El lujo puede devenir de la abundancia de demanda hacia tal
objetivo, todos lo quieren, todos lo desean, quien si lo mima, quien no lo
recela. Tal vez sea inocuo, sin pecado capital, sin lujuria ni avaricia. No obstante, el otro lujo, que es igual pero
diferente, se origina de la escasez, que casi nadie lo tiene, tan difícil de
encontrar, tal diamante en Francia, tal agua en Somalía. Y es que de lo poco que existe en este mundo, se lo acaban llevando quién mucho tiene.

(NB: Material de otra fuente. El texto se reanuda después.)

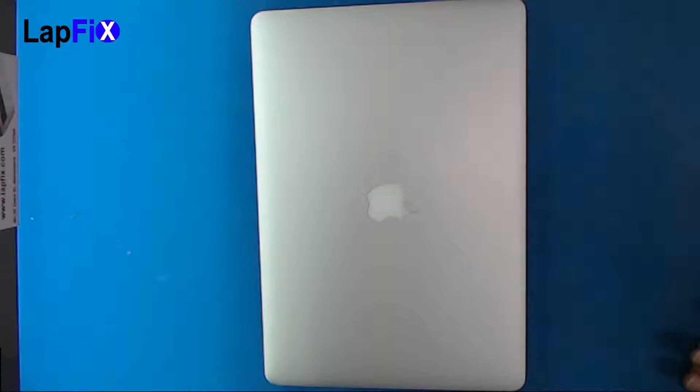Hey guys, today we're looking at a MacBook Pro 2015 and I'm going to show you how to do an easy battery removal, especially compared to other methods that I've been seeing. This one will be very good.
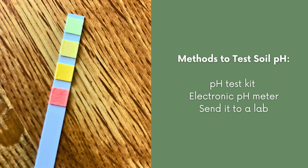There are three different methods to test soil pH. Number one, you can purchase a DIY pH test kit. The second one is to purchase an electronic pH meter, and the third one is to get a professional sample and send it to a lab.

Concluyendo, tenemos un lujo con dos
definiciones, pero no soslayo esta disyuntiva, pues aunque me lleve a dos
caminos, me quedo con los dos.
Me quedo con los dos, porque los dos se encuentran en ella, tan deseada, tan mimada, tan recelada, tan única, tan original. Siempre libre y atrapada. Siempre aventurera y calmada. Siempre ambigua
y precisa. Siempre diferente. Siempre, siempre diferente. Esa fuerza de ser principio de las cosas, no le gustan los finales. Conserva su riqueza porque emana de sus entrañas, de una regalada séptima costilla y de
la galardonada octava, octava maravilla. No solo hace benefactor a quien lo adquiere,
porque ensimismada nació afortunada e irresistiblemente es a la misma vez el cofre y el oro, pues lleva ese tesoro consigo. Un lujo que no se puede poseer, solo tendrás la mera posibilidad de
compartir, si te elige... Y entonces florecerá en ti un manantial de aguas y diamantes, donde solo podrás decir qué lujo, qué mujer, qué dilema.